Re: Conversion of http escape characters

Guido.van.Rossum@cwi.nl
Tue, 14 Jun 1994 20:58:46 +0200

> Is there a neat canned solution to the problem of converting the escaped
> characters used in http back to normal characters?
>
> e.g.

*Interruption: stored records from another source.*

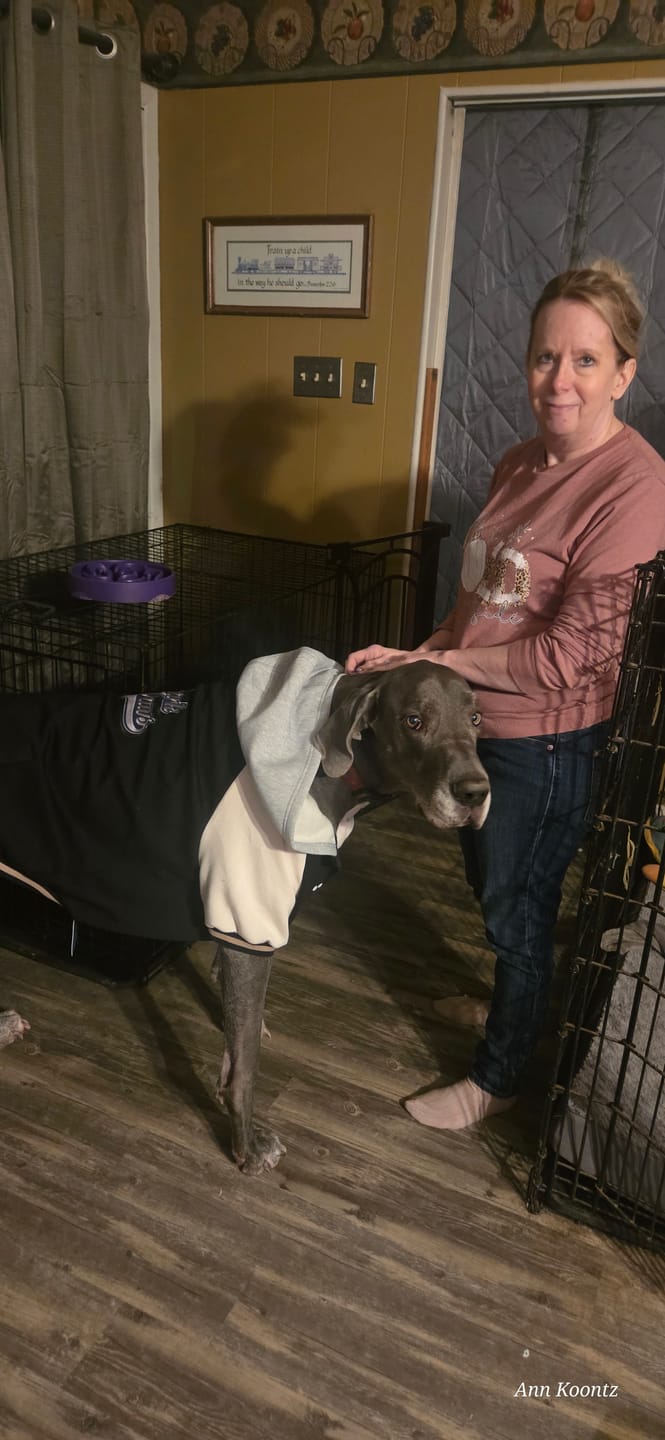 Customer photo review of Dog Varsity Jacket - Black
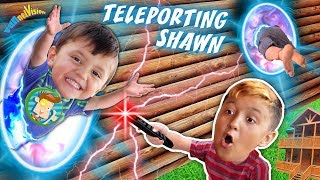 TELEPORTING SHAWN Magic Mountain Cabin House FUNnel Fam Magic Vision [upl. by Ainslie]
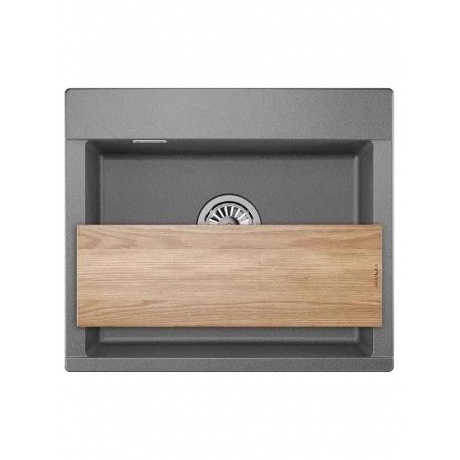 Кухонная мойка GRANULA ESTETICA (5804, ГРАФИТ) - фото 2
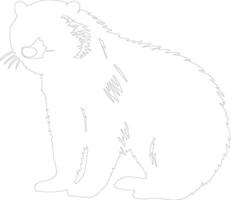 binturong outline silhouette vector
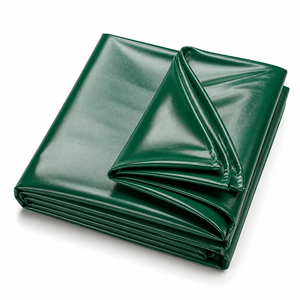 Lona Impermeable Resistente de Color Verde para Uso en Exteriores, Tejido Plano - Product Image 1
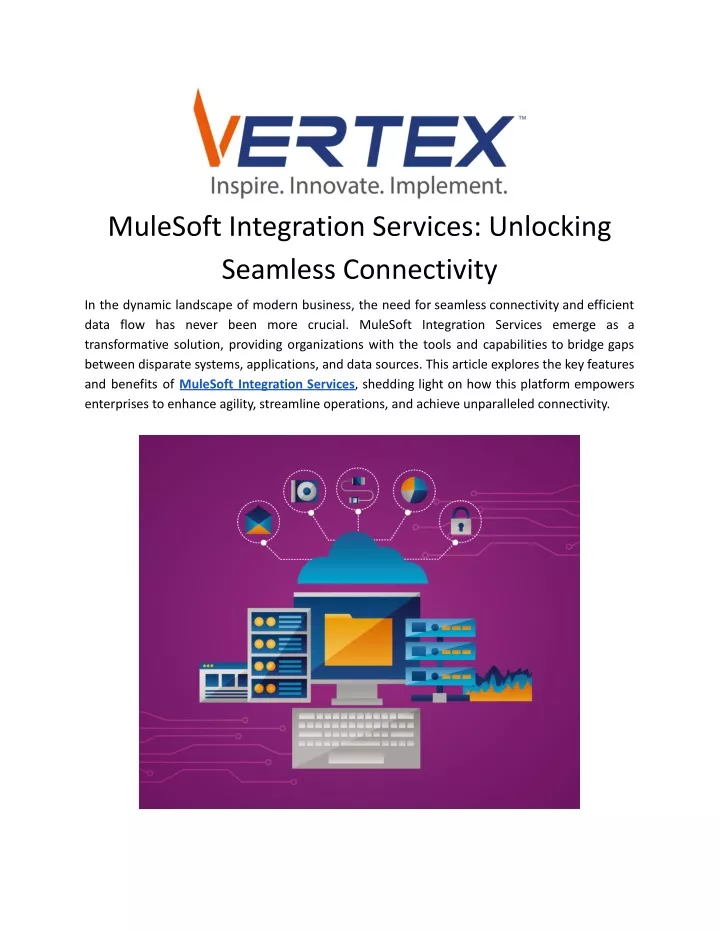 mulesoft integration services unlocking seamless
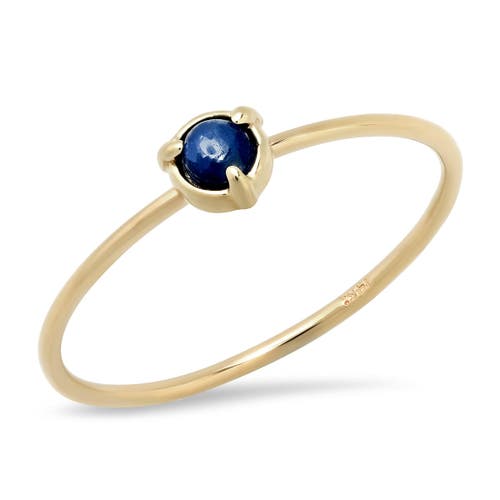 Elliot Young "claw" 14k Gold  3 Prong Stackable Ring With Sapphire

The string 'foo%41bar' -> 'fooAbar' (0x41 == ASCII letter 'A')

The standard module urllib has a solution for this:

>>> import urllib
>>> urllib.unquote('foo%41bar')
'fooAbar'
>>>

I'll copy its definition here so you can see how this kind of thing is
approached in Python:

import regex
_quoteprog = regex.compile('%[0-9a-fA-F][0-9a-fA-F]')
def unquote(s):
import string
i = 0
n = len(s)
res = ''
while 0 <= i < n:
j = _quoteprog.search(s, i)
if j < 0:
res = res + s[i:]
break
res = res + (s[i:j] + chr(eval('0x' + s[j+1:j+3])))
i = j+3
return res

Instead of the call to eval(), it is probably better nowadays to use
string.atoi() (assuming that this is really strop.atoi()): replace

eval('0x' + s[j+1:j+3])

by

string.atoi(s[j+1:j+3], 16)

Using regular expression groups, we could simplify things slightly:
change the definition of _quoteprog by

_quoteprog = regex.compile('%\([0-9a-fA-F][0-9a-fA-F]\)')

and then replace

s[j+1:j+3]

by

_quoteprog.group(1)

which doesn't actually make the program shorter but makes its meaning
clearer and depends less on how the regular expression is spelled.

--Guido van Rossum, CWI, Amsterdam <Guido.van.Rossum@cwi.nl>
URL: <http://www.cwi.nl/cwi/people/Guido.van.Rossum.html>